Tchaikovsky’s composition to be heard tonight is somewhat in the shadow of his other symphonies. Conventionally oriented program directors of symphony orchestras often prefer the last three of his symphonies (Nos. 4–6) over his Symphony No. 2 “Little Russian”. This does not mean, however, that this work is not worth the attention of the public. On the contrary, it is good that we have the opportunity to listen to it at the concert tonight!

Tchaikovsky started to work on Concerto for Piano and Orchestra No. 2 in G major, Op. 44 in October 1879 when he was visiting his sister’s family at their estate at Kamenka (Kamyanka) in what is today the Cherkassy Region of Ukraine.
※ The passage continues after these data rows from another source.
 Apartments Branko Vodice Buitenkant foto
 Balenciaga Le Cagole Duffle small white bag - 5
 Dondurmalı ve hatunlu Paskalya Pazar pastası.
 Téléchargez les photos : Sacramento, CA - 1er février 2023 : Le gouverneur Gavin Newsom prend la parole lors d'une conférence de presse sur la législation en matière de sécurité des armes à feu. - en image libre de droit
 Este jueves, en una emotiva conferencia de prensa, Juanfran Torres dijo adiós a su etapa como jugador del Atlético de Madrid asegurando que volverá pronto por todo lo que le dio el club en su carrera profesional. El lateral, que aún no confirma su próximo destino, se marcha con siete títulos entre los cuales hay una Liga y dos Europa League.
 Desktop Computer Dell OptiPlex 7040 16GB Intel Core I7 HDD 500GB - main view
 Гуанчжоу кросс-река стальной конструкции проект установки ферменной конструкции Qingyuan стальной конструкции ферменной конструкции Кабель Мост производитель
His brother-in-law, Lev Davydov, wanted Tchaikovsky to work undisturbed, and he had previously made available a separate house to him which he equipped with a piano. The composer loved the local environment and regularly came to visit.
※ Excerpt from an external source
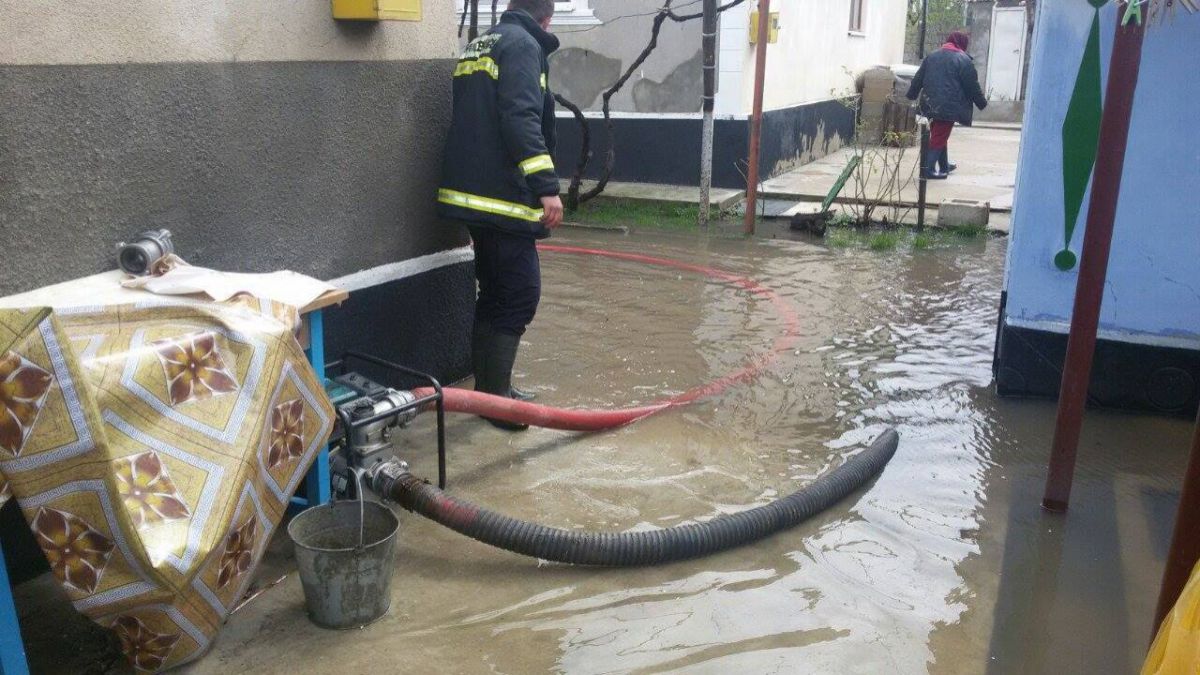 Urmările ploii din această noapte: Zeci de gospodării inundate și localități fără curent electric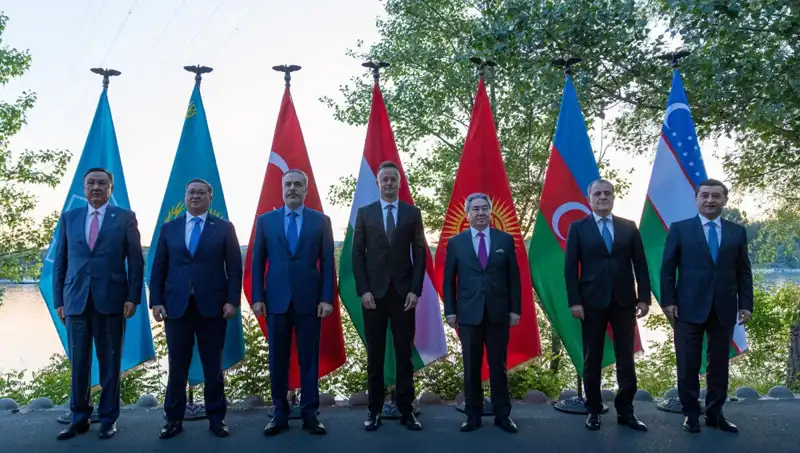 Fidan, Budapeşte'de Stratejik Görüşmeler İçin Mevkidaşlarıyla Bir Araya Geldi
The concerto’s first movement is in the traditional sonata form with two contrasting themes (the second musical idea appears after the first solo cadenza), but it has an unusually extensive development. Another special feature can be found in the second movement, Andante non troppo, where piano as the solo instrument is joined by violin and later also by cello. The orchestra, limited just about to the strings, plays only a minimal role in this movement. The brisk final movement has tested the technical competencies of many generations of soloists. Tchaikovsky dedicated this concert to Nikolai Rubinstein, his former superior at the Moscow Conservatory, who died in 1881 before he could give its premiere. The concerto was then performed for the first time in New York on 12 November 1881 by the English pianist Madeleine Schiller with the New York Philharmonic Orchestra.

Symphony No. 2 in C minor “Little Russian” also came into being in Kamenka. Tchaikovsky composed it in the summer months of 1872. In the 19th century, the Ukrainian territory under the rule of the Russian Empire was called “Little Russia”. Tchaikovsky heard several folk songs in Ukraine which he noted down with interest, and subsequently used them in this symphony in all four movements. The inspiration by East Slavic folklore is obvious in the slow introduction of the first movement presented by horn and later bassoon; the movement continues in sonata form and the first movement ends with a recapitulation of the opening folk theme. The second movement is again framed by one musical idea. It begins in an untraditional way with rhythmic strokes of the tympani. Its whole subsequent course has the form of a festive march (reminiscent of Tchaikovsky’s opera Undine). Scherzo (third movement) takes the form of a trio dominated by wind instruments; is it followed by a majestic introduction of the fourth movement. After that, the music considerably accelerates and brings about a number of expressive contrasts. The music gradually increases in intensity, making the listener think that it is a fast-paced coda which would soon close the symphony. However, then comes the exposition of a short lyrical theme and it is clear that the real culmination is yet to come. Indeed, Tchaikovsky ends his symphony in his typical way – by a monumental conclusion in the orchestral tutti.